_WORK TO BE COMPLETED:_
Start the copy at the line containing "Усилитель мощности Behringer MA4008 3" and run it through the last line of the records. Repeat each line exactly; omit pictures.

_EXERCISE DATA:_

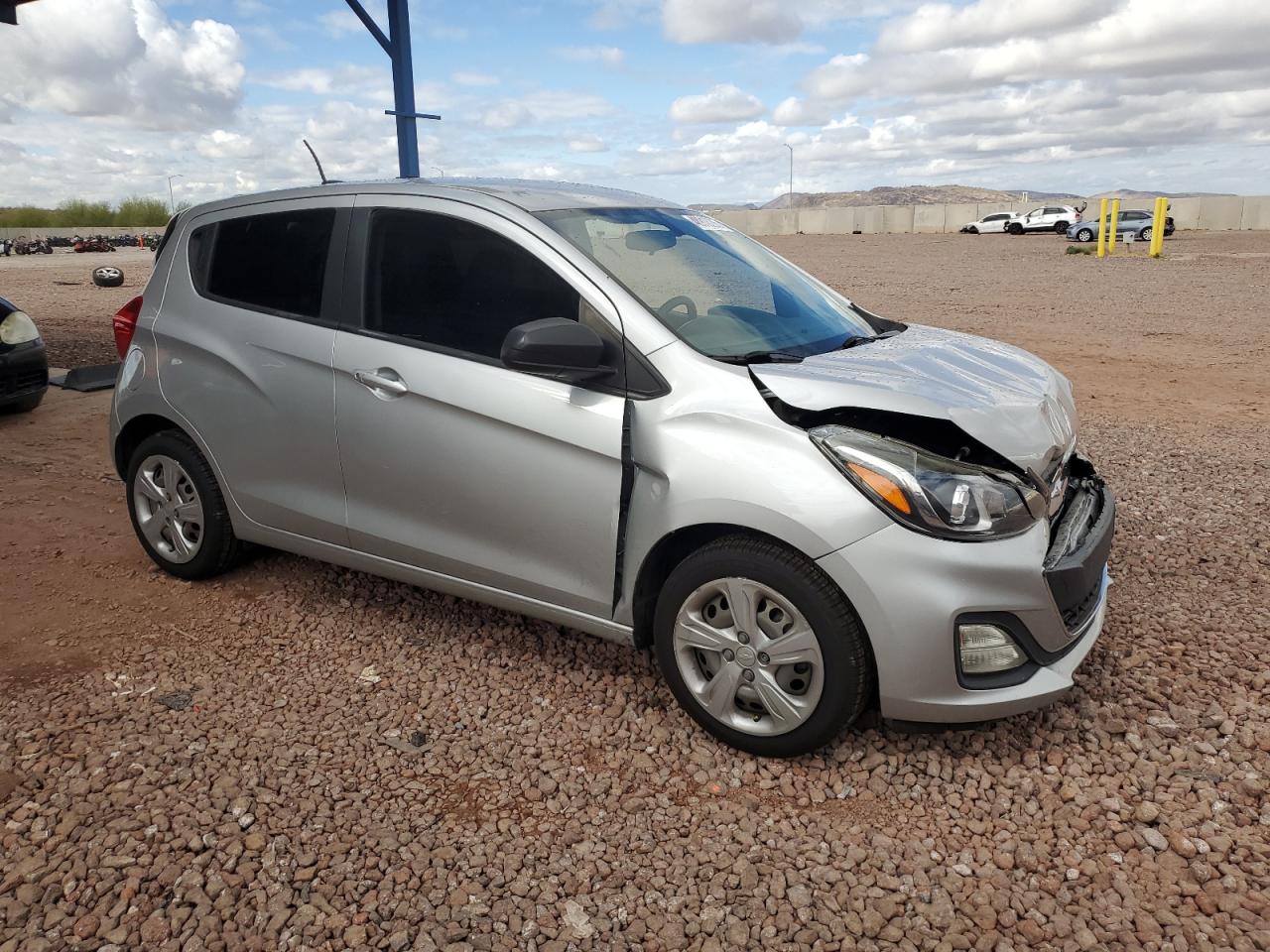 KL8CB6SA5MC710914 2021 Chevrolet Spark Ls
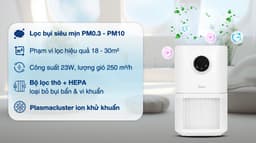 Máy lọc không khí Midea KJ300GVN 23W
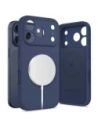 Etui Tech-Protect Silicone MagSafe do Apple iPhone 17 Pro Max Deep Blue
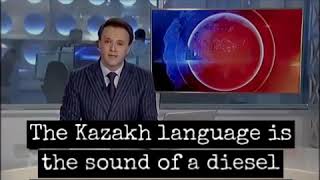 The Kazakh Language Is The Sound Of A Diesel Engine Trying To Start In - 40 Degrees 💨🙋‍♂️🚛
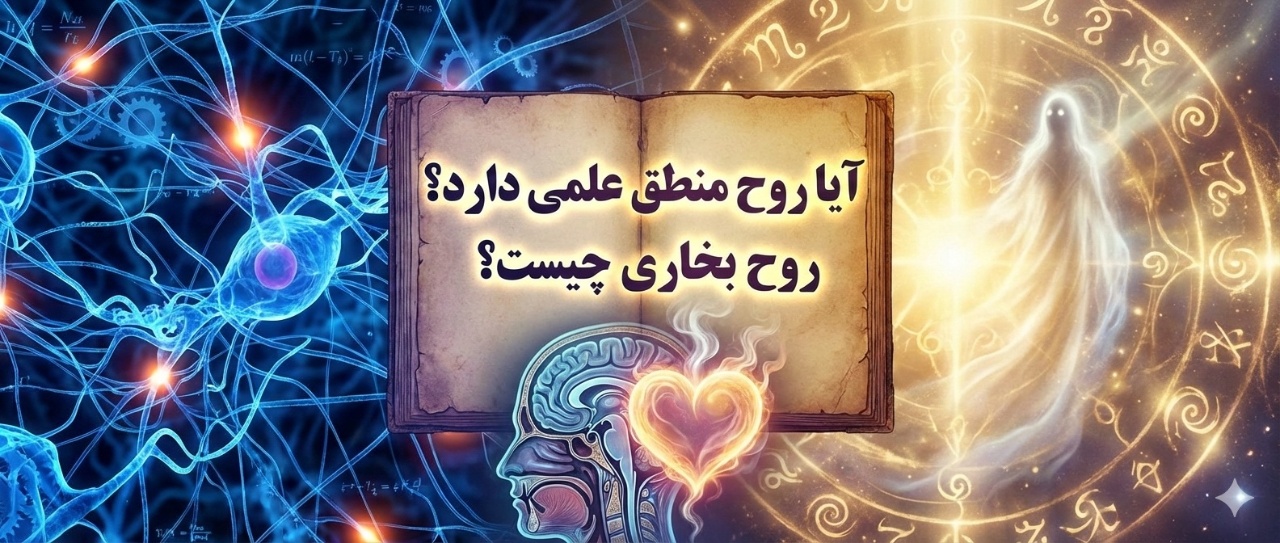 آیا روح منطق علمی دارد؟ روح بخاری چیست؟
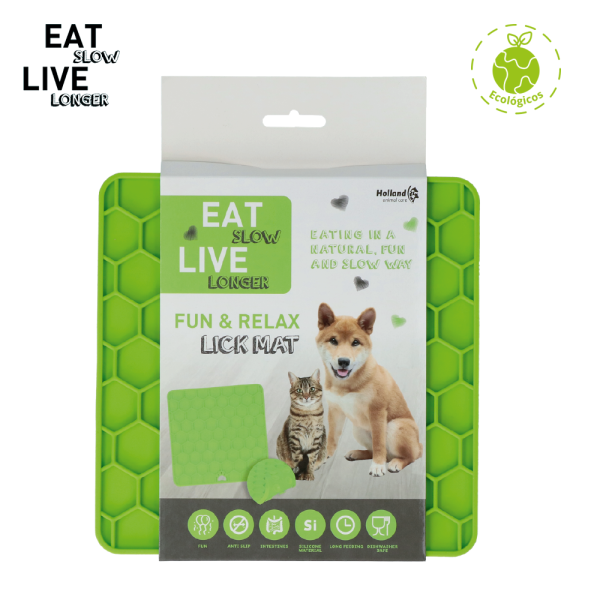 EAT Slow live long lick Mat
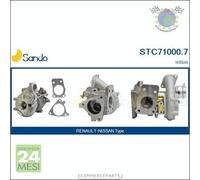 Turbina Turbocompressore Sando per NISSAN JUKE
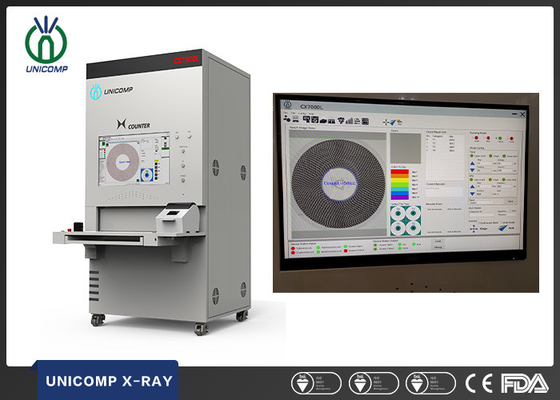 Telecontrol inteligente completamente automático de la nube de Unicomp X Ray Chip Counter CX7000L para el componente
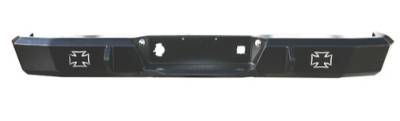 Iron Cross Automotive - Iron Cross Automotive HD Rear Bumper For 03-07 GM 2500/3500HD - Image 1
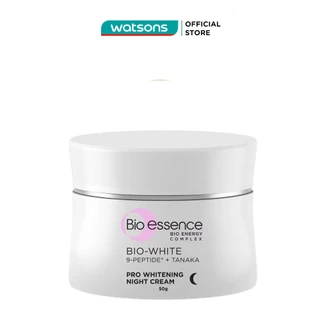 Kem Dưỡng Đêm Bio Essence Bio White Pro Whitening Night Cream 50g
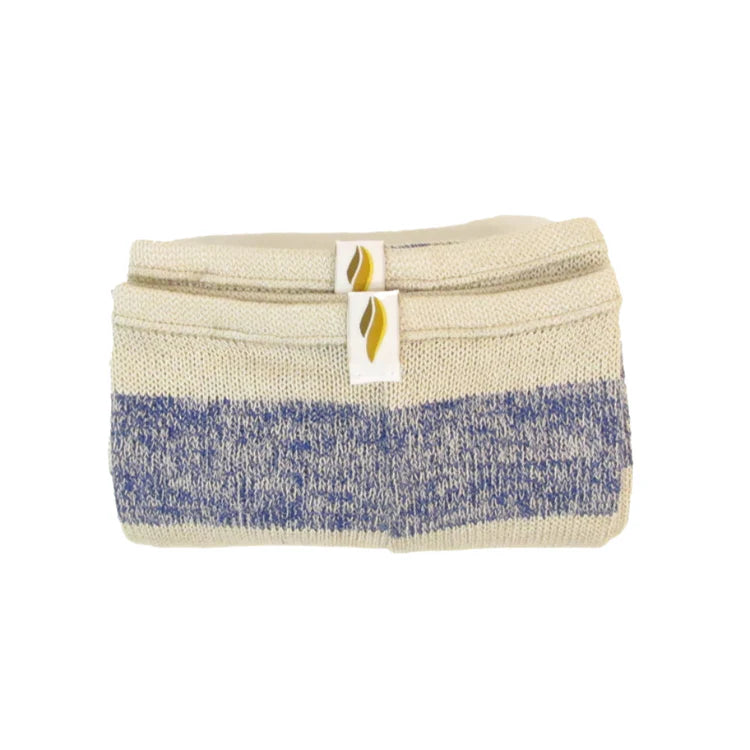 RubiaWear Blue Ribbon - Leg Warmer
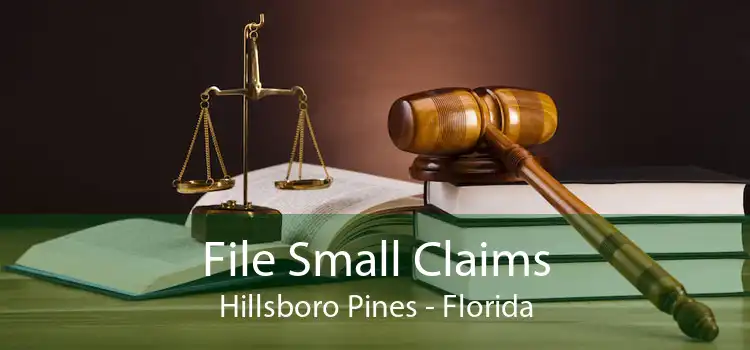 File Small Claims Hillsboro Pines - Florida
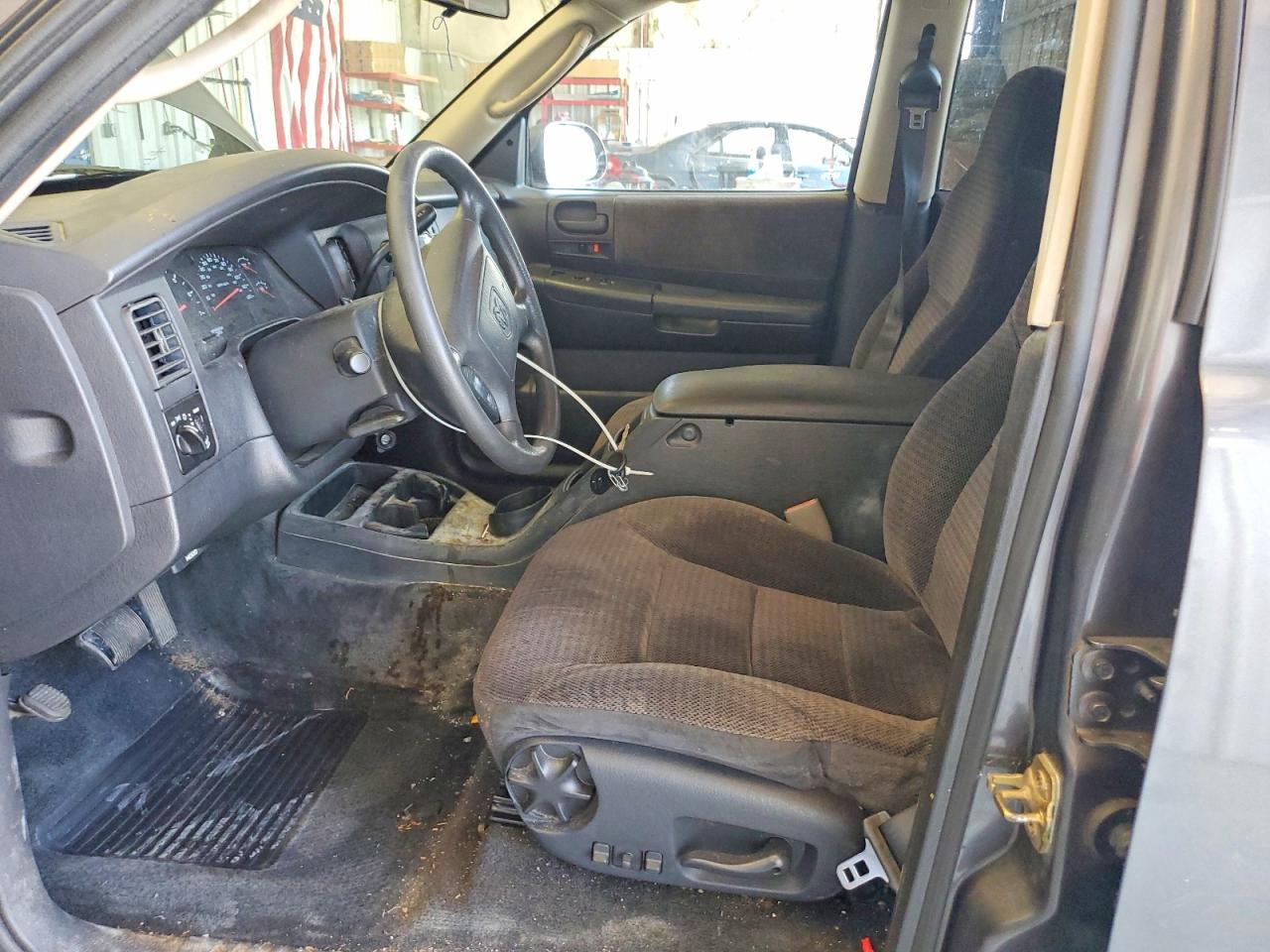 2002 Dodge Durango Slt Gray vin: 1B4HR48N22F169563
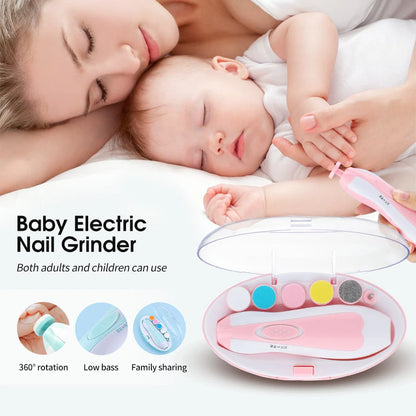 Baby Nail Clippers with Light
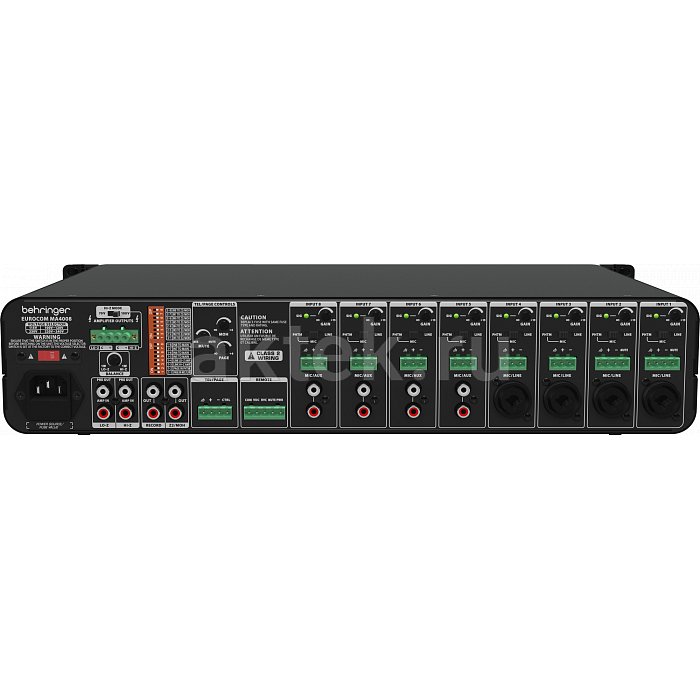 Усилитель мощности Behringer MA4008 3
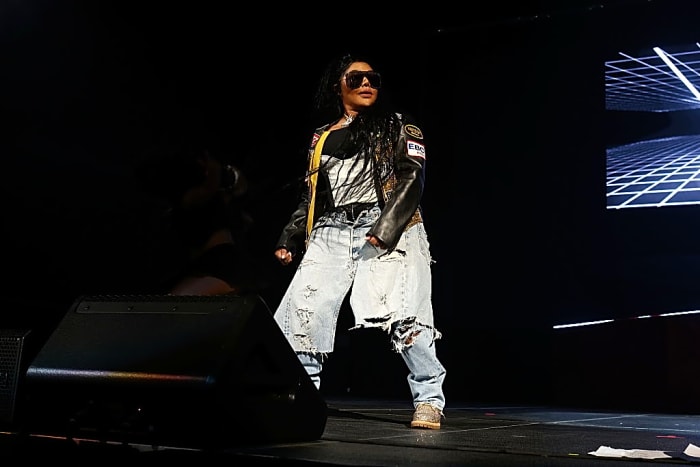 “Crush On You (Remix)” by Lil' Kim feat. Lil Cease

_ANSWER SECTION:_
 Усилитель мощности Behringer MA4008 3
 “Crush On You (Remix)” by Lil' Kim feat. Lil Cease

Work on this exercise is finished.